I was driving through Santa Cruz the other day and there had one of those dudes on 41st Ave. “wearing” one of those full-body flip-signs advertising Little Caesar’s pizza. It was sad. Just staying on the highway all day, trying to get people’s attention. God gave us all this goodness, all this splendor, and this is what we do with it?
That said, the guy had earbuds in and was rocking’. He did these flips with the sign, and was flouncing around, and was just so silly and kooky. Man! To this day, I wonder what he was listening to. Maybe rap?
Anyway, while a decent promotional tool, it likely eviscerated his pride. As they say, “Sometimes its better not to work than to have to pimp out Little Caesear’s gnarly ‘za. The crust tastes like linoleum.”
We respect your pride.

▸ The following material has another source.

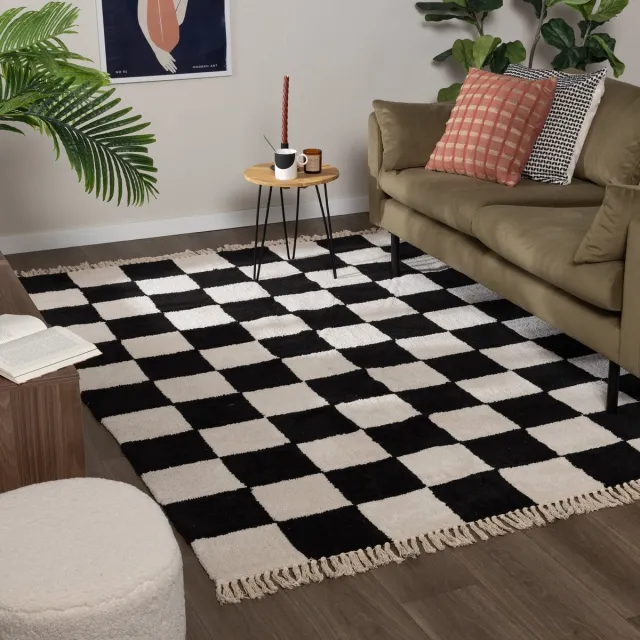 Fraai Checkerboard vloerkleed - Blox Fringe Zwart/Wit - 120x170cm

We’re not asking you to flip anything, much less do the Running Man on the highway. But should you buy a t-shirt from the Henry Miller Library Store? That’s something we’d get behind.
Rather than be pride-eviscerating, it’d be pride-uhh…un-eviscerating. Its the kind of promotion you can tell you grandkids about.
We have many t-shirts to choose from at our online store, and our models, Keely and Trevor (left), are fine, upstanding citizens. Keely, for example, is our ex-volunteer-turned-archivist at the (non-profit) Henry Miller Memorial Library. Trevor, meanwhile, once thought about Tweeting about post-modernism while driving past a soup kitchen.